Another adaptive law designing approach for a two-dimensional nonlinear system is proposed in the work.²³ In this work, based on the STW including uncertain term, the equivalent value of the uncertainties is obtained by exploiting the uncertain information contained in the equivalent control, and then an adaptive law is directly designed according to the equivalent value. Consequently, smaller switching gains can be obtained due to the real-time estimated value of the uncertainties. However, two shortcomings exist in the work²³: (1) In the reaching phase of the SMC, the system state is away from the sliding surface, which will cause the failure of the equivalent control; (2) the changing speed of the switching gains is not considered, so when the uncertainties change rapidly, the switching gains cannot be quickly adjusted to the minimum.

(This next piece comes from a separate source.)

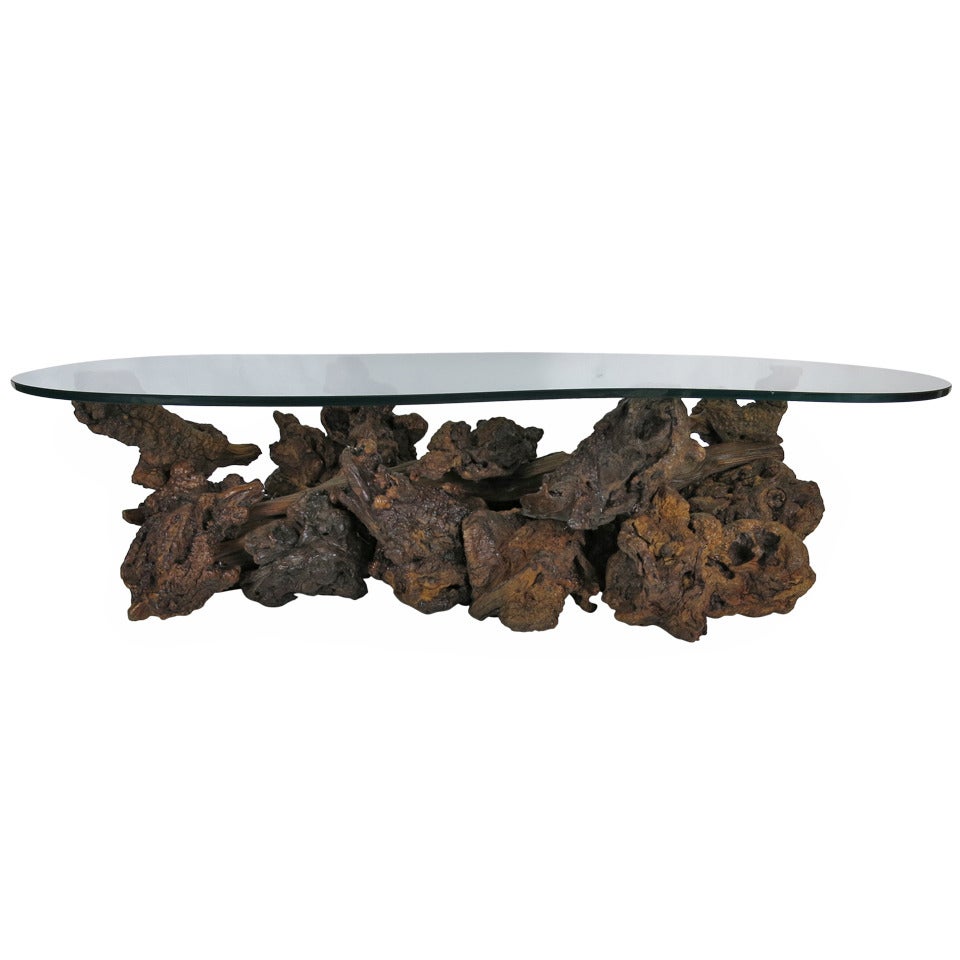 Driftwood Base Coffee Table with Freeform Glass Top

To this end, this thesis takes a hybrid robot as the research object, and a global robust STW method with adaptive switching gains is developed. Firstly, an improved sliding surface is designed to eliminate the reaching phase of the SMC and to achieve the global robustness of the control system. Then, the STW law is reconstructed on the basis of the uncertain hybrid robot and an adaptive law is proposed to simultaneously adjust the speed and size of the switching gains in the premise of unknown upper bound information about the time-varying uncertainties, and thereby smaller switching gains can be obtained quickly to suppress the chattering significantly while the global robustness of the system is ensured. Consequently, the robustness performance of the dynamic SMC in the uncertain hybrid robot system is improved.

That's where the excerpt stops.